TIP #33: Raise prices instead of lowering them.
I sell wall art through a gallery in Scottsdale, AZ. I found it surprising (but heartening) to learn that when a piece of my art wasn’t moving off the wall, the owner of the gallery raised the price instead of lowering it! It worked—the piece sold shortly after a higher price tag was attached. Generate respect for your work through price.
TIP #44: Less expensive imaging software is available.
Imaging software can set you apart from all those folks who carry around just as many megapixels. The most commonly used professional program for image processing and workflow is Adobe Photoshop with Adobe Bridge or Adobe Photoshop Lightroom.
Another powerful photo manipulation program, Capture NX, is available at a fraction of the cost of Photoshop and even comes free with some Nikon products (note that it is not exclusively for Nikon shooters). Use Capture NX to correct selected portions of RAW image files that are too dark or too light.
TIP #45: Don’t waste time fixing poor captures.
Yes, mistakes happen, but it is essential that you learn to achieve correct lighting during original capture. Photographer Tim Walden was quoted in Professional Photographer magazine as saying, “A photographer will never reach his or her potential by simply illuminating the subject and expecting to create the image post-capture, not without creating direction and flow with the lighting. When you do, you’ll excite the viewer.”

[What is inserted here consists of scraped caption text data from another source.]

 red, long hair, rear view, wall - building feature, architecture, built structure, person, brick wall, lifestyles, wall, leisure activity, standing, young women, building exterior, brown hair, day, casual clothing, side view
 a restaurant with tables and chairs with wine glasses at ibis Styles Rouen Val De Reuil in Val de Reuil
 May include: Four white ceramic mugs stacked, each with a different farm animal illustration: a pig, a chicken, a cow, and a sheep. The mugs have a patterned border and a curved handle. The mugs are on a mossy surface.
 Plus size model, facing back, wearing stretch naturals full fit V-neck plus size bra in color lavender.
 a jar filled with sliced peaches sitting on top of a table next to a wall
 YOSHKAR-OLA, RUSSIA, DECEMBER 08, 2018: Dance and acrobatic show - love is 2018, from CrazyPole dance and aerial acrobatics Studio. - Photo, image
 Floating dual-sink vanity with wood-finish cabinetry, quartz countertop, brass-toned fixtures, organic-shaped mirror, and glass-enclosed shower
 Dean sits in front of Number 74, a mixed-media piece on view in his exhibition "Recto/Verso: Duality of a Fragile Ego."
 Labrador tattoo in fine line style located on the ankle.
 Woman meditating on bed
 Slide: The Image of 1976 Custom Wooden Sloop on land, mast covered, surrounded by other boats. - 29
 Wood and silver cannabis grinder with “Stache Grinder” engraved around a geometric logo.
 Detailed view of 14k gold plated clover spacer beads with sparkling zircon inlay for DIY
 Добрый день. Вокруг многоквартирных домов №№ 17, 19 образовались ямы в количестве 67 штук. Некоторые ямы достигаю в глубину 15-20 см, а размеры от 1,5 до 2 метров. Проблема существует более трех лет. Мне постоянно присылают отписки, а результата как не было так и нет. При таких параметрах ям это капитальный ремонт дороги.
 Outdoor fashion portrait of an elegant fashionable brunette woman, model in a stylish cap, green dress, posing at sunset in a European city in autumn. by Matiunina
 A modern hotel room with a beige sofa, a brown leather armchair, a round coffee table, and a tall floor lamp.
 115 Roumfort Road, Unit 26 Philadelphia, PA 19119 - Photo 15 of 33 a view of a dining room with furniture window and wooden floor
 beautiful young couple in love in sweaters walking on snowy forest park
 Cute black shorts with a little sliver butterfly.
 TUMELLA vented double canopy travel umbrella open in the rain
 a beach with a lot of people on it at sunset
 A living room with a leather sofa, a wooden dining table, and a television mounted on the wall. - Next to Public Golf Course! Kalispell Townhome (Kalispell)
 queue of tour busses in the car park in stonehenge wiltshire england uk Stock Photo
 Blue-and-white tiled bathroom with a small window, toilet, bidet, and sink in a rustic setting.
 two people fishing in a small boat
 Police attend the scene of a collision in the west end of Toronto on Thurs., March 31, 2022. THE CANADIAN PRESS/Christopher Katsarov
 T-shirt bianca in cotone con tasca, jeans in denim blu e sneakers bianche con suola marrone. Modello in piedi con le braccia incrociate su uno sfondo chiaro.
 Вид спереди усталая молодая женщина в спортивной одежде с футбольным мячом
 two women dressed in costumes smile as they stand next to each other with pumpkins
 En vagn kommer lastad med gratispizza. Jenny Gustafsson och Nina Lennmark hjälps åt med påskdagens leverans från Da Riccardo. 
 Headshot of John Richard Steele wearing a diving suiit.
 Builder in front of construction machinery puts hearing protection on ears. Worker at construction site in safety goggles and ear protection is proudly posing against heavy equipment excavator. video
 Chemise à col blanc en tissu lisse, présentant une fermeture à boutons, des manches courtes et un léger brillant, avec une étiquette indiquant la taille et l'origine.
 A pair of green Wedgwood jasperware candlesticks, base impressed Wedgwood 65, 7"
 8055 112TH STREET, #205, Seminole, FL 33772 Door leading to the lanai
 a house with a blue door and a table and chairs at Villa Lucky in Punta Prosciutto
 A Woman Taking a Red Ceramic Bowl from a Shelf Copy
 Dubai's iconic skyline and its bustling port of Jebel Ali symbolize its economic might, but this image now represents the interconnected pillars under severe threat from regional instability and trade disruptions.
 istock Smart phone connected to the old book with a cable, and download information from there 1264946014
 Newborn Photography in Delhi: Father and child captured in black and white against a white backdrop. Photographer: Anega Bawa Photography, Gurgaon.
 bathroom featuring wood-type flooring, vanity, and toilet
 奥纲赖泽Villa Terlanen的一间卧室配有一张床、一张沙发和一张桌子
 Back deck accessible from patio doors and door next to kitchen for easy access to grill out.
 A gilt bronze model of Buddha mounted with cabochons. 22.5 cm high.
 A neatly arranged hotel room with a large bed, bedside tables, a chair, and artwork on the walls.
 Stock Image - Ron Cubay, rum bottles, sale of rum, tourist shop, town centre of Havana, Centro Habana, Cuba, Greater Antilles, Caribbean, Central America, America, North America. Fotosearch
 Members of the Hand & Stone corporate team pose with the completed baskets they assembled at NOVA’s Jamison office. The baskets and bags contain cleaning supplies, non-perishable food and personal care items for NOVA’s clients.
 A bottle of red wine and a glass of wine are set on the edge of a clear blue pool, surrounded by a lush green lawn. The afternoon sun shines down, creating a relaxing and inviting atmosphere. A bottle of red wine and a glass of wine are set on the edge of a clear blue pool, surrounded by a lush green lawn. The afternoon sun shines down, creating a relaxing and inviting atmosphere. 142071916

Correcting issues in Photoshop that could have been prevented in capture is not only a waste of time; some also feel that the digital overhaul can hamper the image. Lighting guru Ed Pierce made this sentiment plain in a Professional Photographer article he authored (Oct. 2007, p. 54). He said, "With post-capture digital imaging techniques, everyone's images are looking the same, especially to the untrained eye. The way photographers will differentiate themselves from the competition in the future will be through pre-capture techniques more than post-capture manipulation."
TIP #81: Show only your best work.
Perfection may not be reached with every photograph you produce, but know what constitutes a quality photo, and show only your best work, even if you have to abandon images and re-shoot. If your work is not constantly excellent, don’t book one-chance-only events, like weddings.
TIP #101: Look for free display opportunities.
When starting out, look for public places to display your work. Some banks offer courtesy tables or displays for customers to display information about their business. Government buildings may have spaces where you can display documentary shots of the city where you live and work. Offer to take pictures of local businesses for their advertising in exchange for photo credits in the ad, then output a large printout of the ad for display on an easel in the store. Ana Brandt receives continual inquires from portraits displayed in doctors’ offices. Leave cards and brochures with additional information for the clients—usually potential family-portrait or children’s photography customers—who spend time in the office looking at the portraits instead of magazines.